Brief descriptive captions:
◇ ◇ ◇ ◇
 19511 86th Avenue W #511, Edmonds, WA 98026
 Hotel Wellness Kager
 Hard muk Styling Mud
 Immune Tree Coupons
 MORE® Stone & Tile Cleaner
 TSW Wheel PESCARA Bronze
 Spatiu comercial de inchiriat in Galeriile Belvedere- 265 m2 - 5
◇ ◇ ◇ ◇
What you are asked to do — Leaving no line out, return the data above verbatim.

Expected answer —
 19511 86th Avenue W #511, Edmonds, WA 98026
 Hotel Wellness Kager
 Hard muk Styling Mud
 Immune Tree Coupons
 MORE® Stone & Tile Cleaner
 TSW Wheel PESCARA Bronze
 Spatiu comercial de inchiriat in Galeriile Belvedere- 265 m2 - 5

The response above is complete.